The 24-karat gold statue, as explained by Apple CEO Tim Cook, was made by Apple supplier Corning, which produces specialty glass used in iPhones. An Apple employee (and former U.S. Marine Corps corporal) cut a large circle out of the specialty glass and emblazoned a sharp, red Apple logo in the middle, per Reuters. The finished work, according to Cook, came from Utah and was mounted on a 24-karat gold base, on which Trump’s name was engraved. Cook then signed it, etching in “Made in America.”
The photo op in the Oval Office went over well with Trump, who has long urged major corporations to make more products at home. During the presentation, the president confirmed that Apple, and any other company that builds factories in the U.S., would be subject to “no charge” when a tariff on semiconductors is officially put into place. The news is a major win for Apple, which has been subjected to months of criticism by the president over where the company sources its supply chain.
Trump has ramped up his public criticism of Apple as of late. After years of berating the company for its offshore supply chain, Trump seemed to throw a bit of a temper tantrum after Apple shifted some iPhone production to India. In April, he argued on Twitter that his trade policies would force Apple to make “Made in America” iPhones. By May, his frustration with Apple’s Cook was more pronounced. Trump publicly acknowledged, while on a trip to the Middle East, that he had “a little problem with Tim Cook.” Trump reportedly made clear his anger directly to Cook, saying, “We are treating you really good, we put up with all the plants you built in China for years. We are not interested in you building in India.”
Analysts have long maintained that reconfiguring iPhone final assembly to happen in the U.S. would be a logistical nightmare that might not even be possible at all, and that any such move could take years.
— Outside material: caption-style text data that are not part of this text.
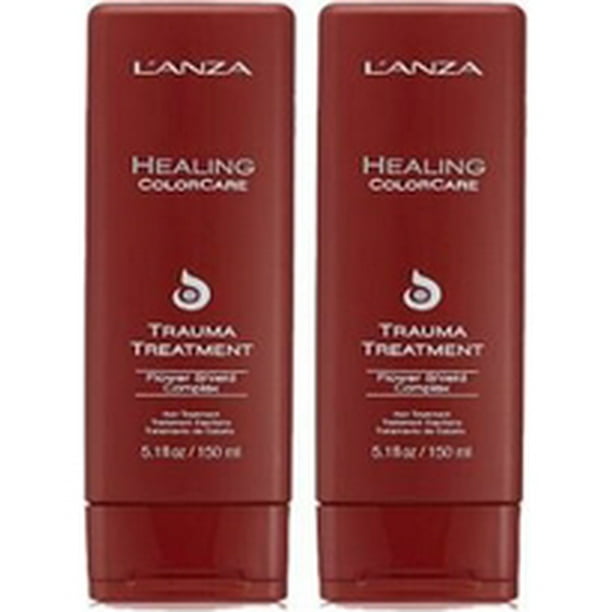 L’ANZA LAnza Healing ColorCare Trauma Hair Treatment 5.1 oz 2 PACK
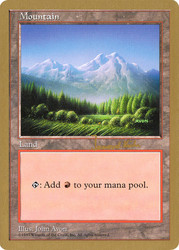 Mountain (1997 Janosch Kuhn) (5th Edition) (D)
World Championships
Single
Magic: The Gathering
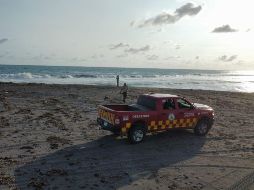 Continúan las labores de búsqueda de Rubén David Martínez, desaparecido desde el pasado martes. ESPECIAL / Protección Civil y Bomberos de Jalisco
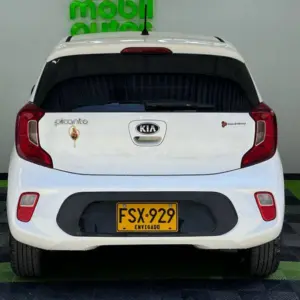 KIA PICANTO ZENITH AT 1.250CC 2019: imagen 8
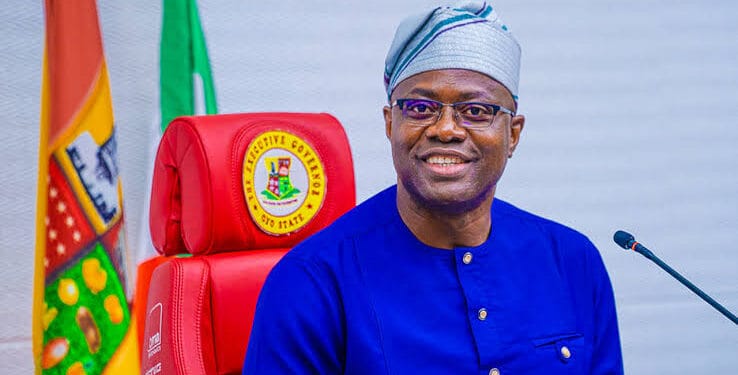 Governor Seyi Makinde of Oyo State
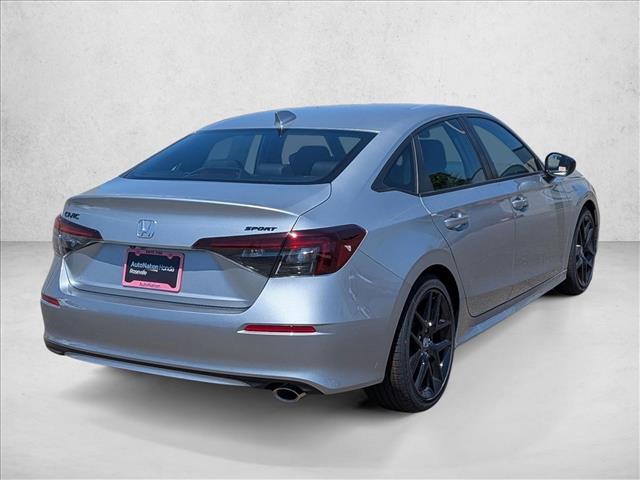 2026 Honda Civic Sedan Sport
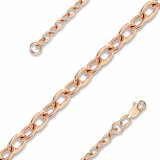 Цепь якорь (Au 585) 8100201П-50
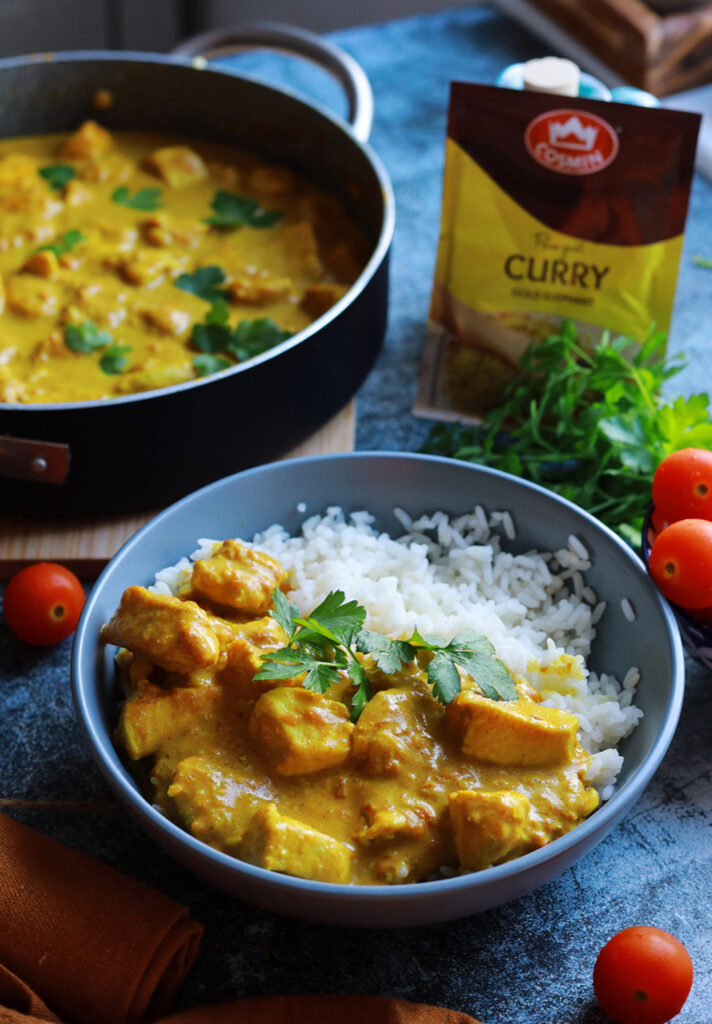 curry de pui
But Trump and his trade team did not let facts get in the way of a good story. Commerce Secretary Howard Lutnick told CNBC last year that Apple had discussed the idea of using “robotic arms” to come up with a way to match the precision of Chinese factories in the U.S.
Cook has had other ideas. As of Wednesday, it appears that Trump has given up on some of the more extreme demands he leveled against Apple over the past year. Trump has previously threatened to place a 25 percent tariff on the company if it didn’t start assembling iPhones in the U.S. But as of Wednesday, he appears to have dialed back those demands, saying Apple’s latest investment and development moves are “a significant step toward the ultimate goal of ensuring that iPhones sold in America also are made in America.” For now, at least, he is giving the company time.
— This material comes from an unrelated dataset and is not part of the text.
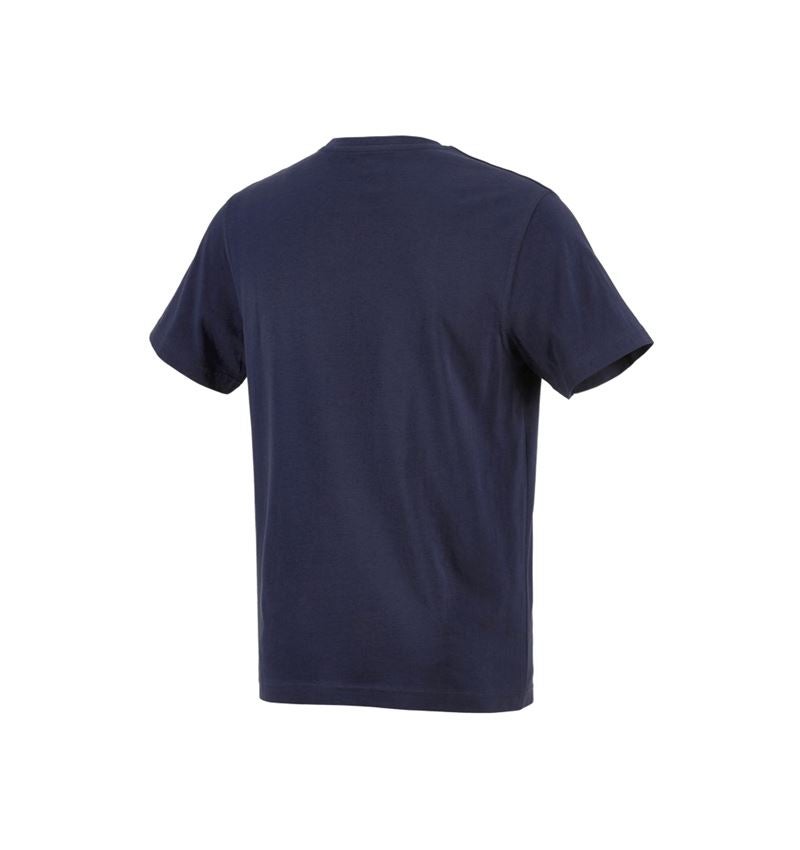 Koszulki | Pulower | Koszule: e.s. Koszulka cotton + granatowy 3
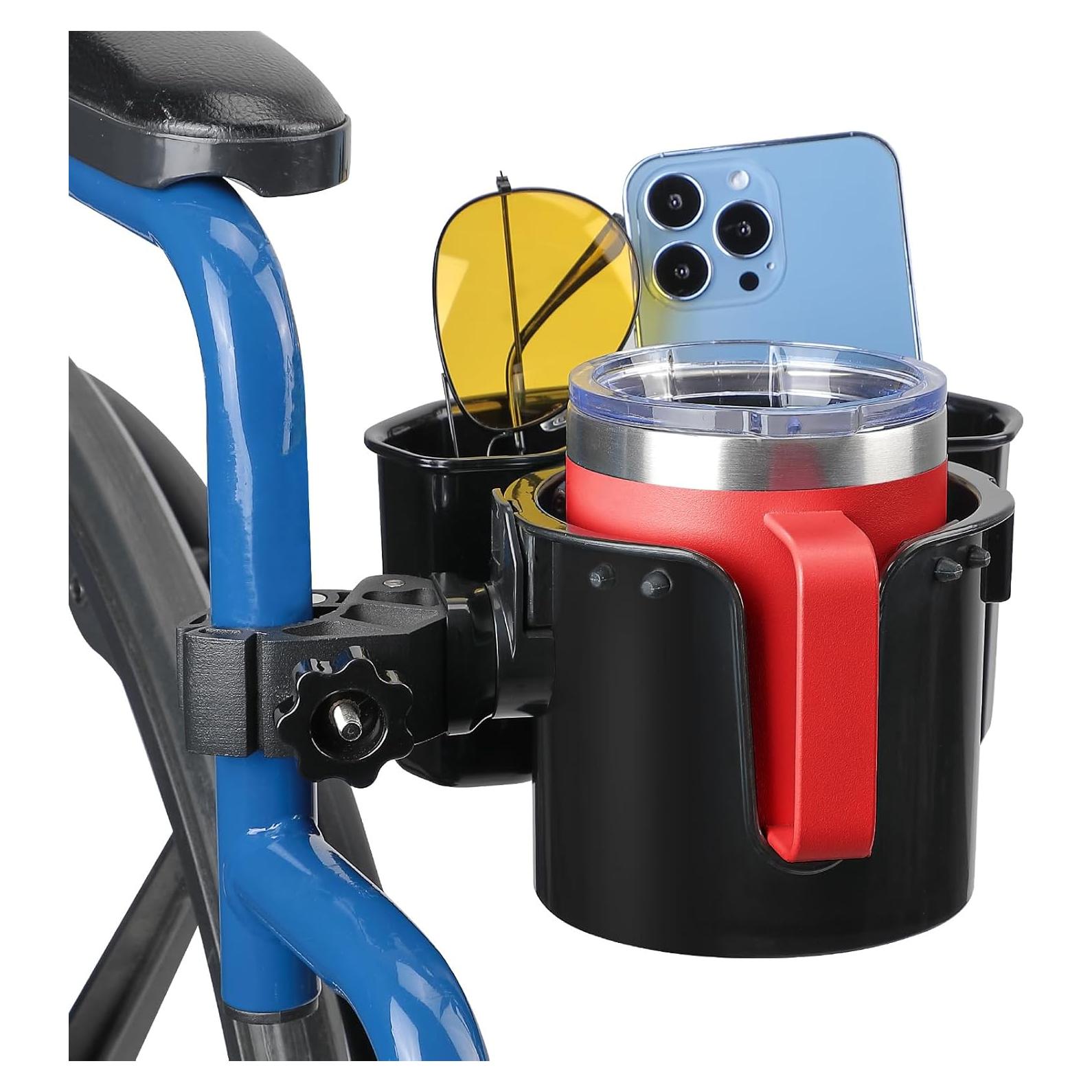 Soporte para Taza 2-en-1 JOYTUTUS con Almacenamiento Grande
Cook has made it clear in the past that certain components, like semiconductors, glass, and Face ID modules, are already being made at home. But there has been no definitive promise that Apple will start building iPhones in the U.S. and when it might do so, aside from vague answers that it will be “for a while” in other countries.
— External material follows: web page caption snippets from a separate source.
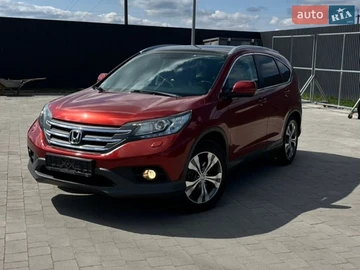 Авто Honda Cr-V 2013 № 8695406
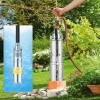imageVEVOR Solar Water Pump 48V DC 369W Submersible Deep Well Pump Max Flow 84 GPM Max Head 273 ft Max Submersion 656 ft Solar Powered Water Pump for Well Farm Ranch Irrigation Livestock Drinking48V 369W 3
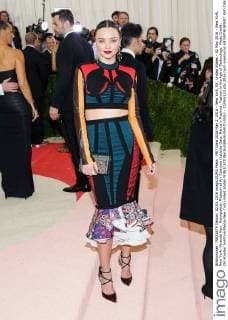 MET Gala 2016 May 2, 2016 - New York, NY, United States - 02 May 2016 - New York, New York- Miranda Kerr. Metropolitan Museum of Art Costume Institute Gala: Manus x Machina: Fashion in the Age of Technology. Photo Credit: Christopher Smith AdMedia New York United States - ZUMAa123
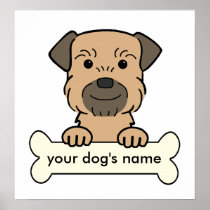 Personalised Border Terrier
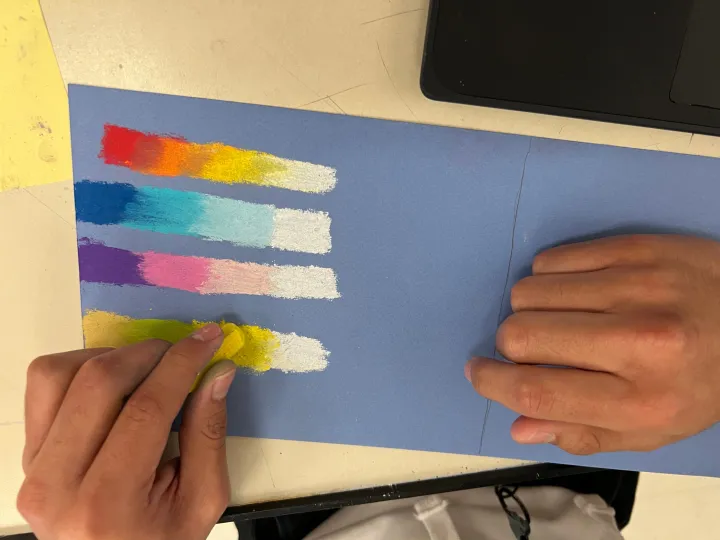 chalk pastel gradients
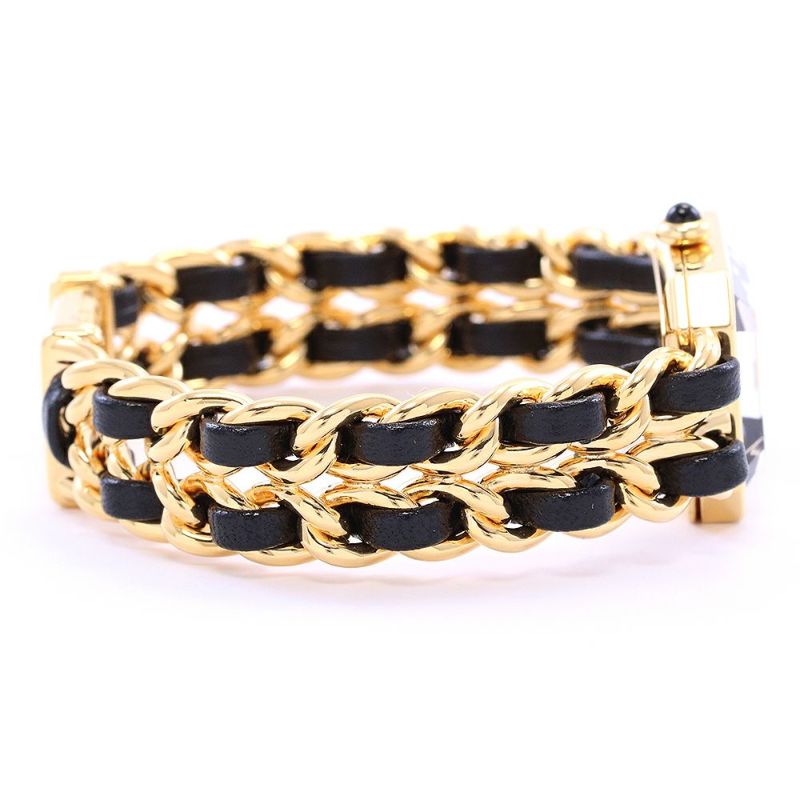 【中古】CHANEL PREMIERE MIDDLE SIZE シャネル プルミエール Mサイズ H0001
Apple has been here before, and not just with Trump. As far back as his first term, Cook charmed the president by promising billions of dollars of investment in the U.S. without meeting his most hardline demands. In 2017, Trump bragged about three “big, beautiful” plants that Apple had promised to open. In the end, only one of the plants was built, and it manufactured face masks, not phones. The next year, Trump toured a new plant in Texas and tweeted that Apple was “interested in building iPhones” in the U.S. That plant was also never used to make iPhones; instead, it produced MacBook Pros. The iPhone assembly line remains in China.
Fast forward to 2023. Trump says Apple has promised to invest a total of $600 billion in the U.S. in the next four years. While the number sounds staggering, Reuters’ analysts said the figure was likely on track with Apple’s normal business operations and a commitment the company has made throughout the Biden administration and Trump’s first term. In other words, Apple is not promising much more than it was already going to do.
Trump has warned companies that make such announcements that they are on the hook for those pledges, and could be retroactively charged tariffs if those goals are not met. But right now, Apple seems to be on track to simply continue its normal level of U.S. investment while keeping final assembly operations abroad. Tariff calculus hasn’t changed. Trump is choosing not to force Apple to act—at least for the time being.